Hazret-i Ömer ve Humus Valisi

Hakan Albayrak

İnternet haber sitesi habertaraf.com'da Fahrettin Dağlı, "Ömer Bin Abdülaziz'den Günümüze" diye bir yazı yazdı.

"Türkiye nüfusunun yarısından fazlasının yoksulluk ve açlık sınırında bulunduğu bu günümüzde hükümet edenlerin günlük hayatlarındaki yaşam biçimlerini ona göre düşünmeleri ve tanzim etmeleri gerekir. Akıl ve tefekkür sahiplerinin idarecilerden beklediği tavır bu" diye başlıyor"

Hz. Ömer Bin Hattab (radyallahu anh) ve Ömer Bin Abdülaziz (rahmetullahi aleyh) örnekleri üzerinden, günümüz devlet adamlarına derslere devam ediyor"

"Korkarım, kendinizi en iyi hissettiğiniz bir zamanda, en yıkılmaz bildiğiniz bir zamanda ayaklarınızın kaydığına tanıklık edersiniz. Böyle bir akıbetten Allah korusun" cümleleriyle bitiyor.

Nefis bir yazı.

Okurken, "Hayat'ü-s Sahabe"nin Hazret-i Ömer'le ilgili sayfalarını hatırladım.

O sayfalardan bir sayfa:

"Ömer bin Hattab radıyallahu anh, hac mevsiminde halkın ahvâlini incelemek için aralarına çıkmıştı. Bir ara Humus halkı yanından geçtiler. Onlara:

- Vâliniz nasıldır? diye sordu.

Onlar:

- Çok iyidir. Ancak kendine has bir şahnüşîn yaptırmış olup orada oturmaktadır, dediler.

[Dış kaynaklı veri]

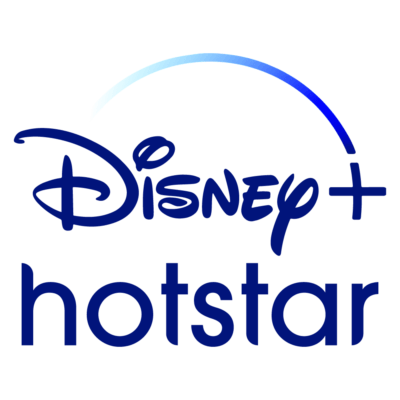 Disney+ Hotstar Logo png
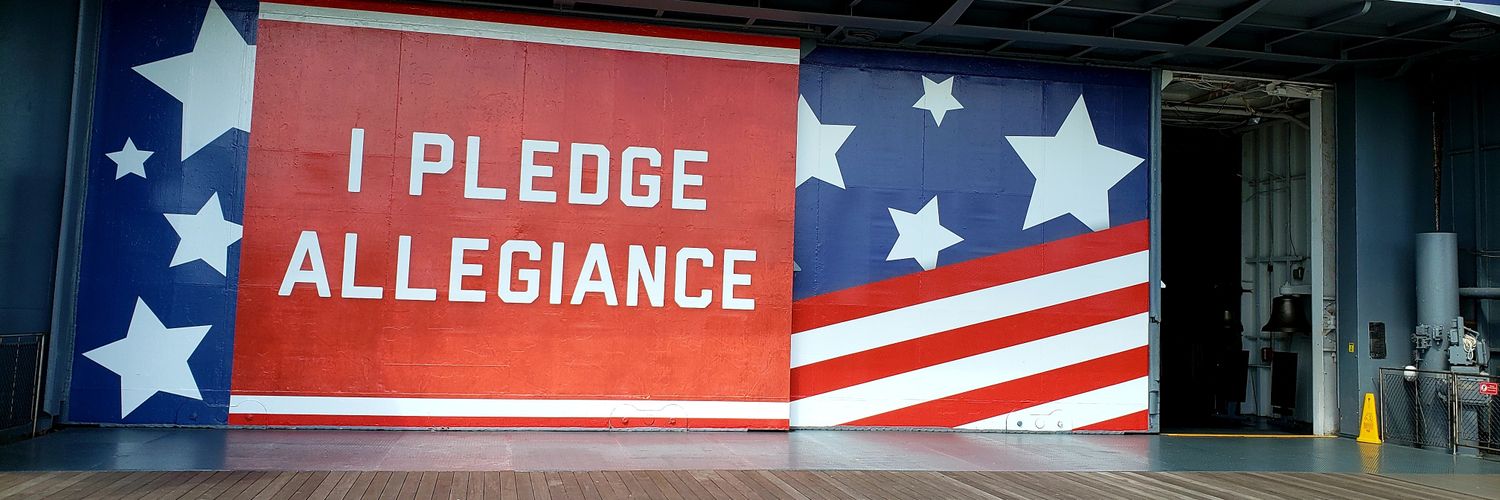 David Jones banner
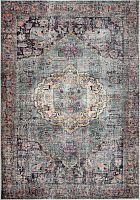ковер ungaro sultan 160x230 в Сочи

Bunun üzerine Ömer, Humus Vâlisi'ne bir mektup yazdı, postacıya da Humus'a varır varmaz vâlinin şahnüşînini yakmasını emretti. Postacı Humus'a vardığı zaman mektubu daha vâliye vermeden odun toplayıp şahnüşînin kapısını yaktı. Vâliye durumu bildirdiler.

Vâli:

- Elçidir, ona karışmayın, dedi.

Postacı sonra ona mektubu verince, mektubu daha elinden bırakmadan Ömer'in yanına gitmek üzere atına binip yola çıktı.

Ömer onu görür görmez:

- Benim ardıma düş, dedi ve onu Harre denilen çöle götürdükten sonra -ki orası zekât develerinin otlanıp kaldıkları yerdi- ona:

- Çıkar o üstündeki elbiseni, dedi.

Ondan sonra ona deve tüyünden yapma çizgili bir aba vererek:

- Al bunu giy ve kuyudan su çekip develeri sula, dedi.

Adam da yorulup ter dökünceye kadar kuyudan su çekti. Ondan sonra Ömer:

- Sen ne zamandan beri Humus Vâlisi bulunuyorsun? diye sordu.

Adam:

- Ben daha yeni tâyin edildim, dedi.

Ömer radıyallahu anh:

- Bunun için mi sen, yoksul, dul ve öksüzleri unutup da yüksek köşklerde oturuyorsun. İşine dön. Fakat bir daha böyle bir iş yaptığını işitmeyeyim, dedi."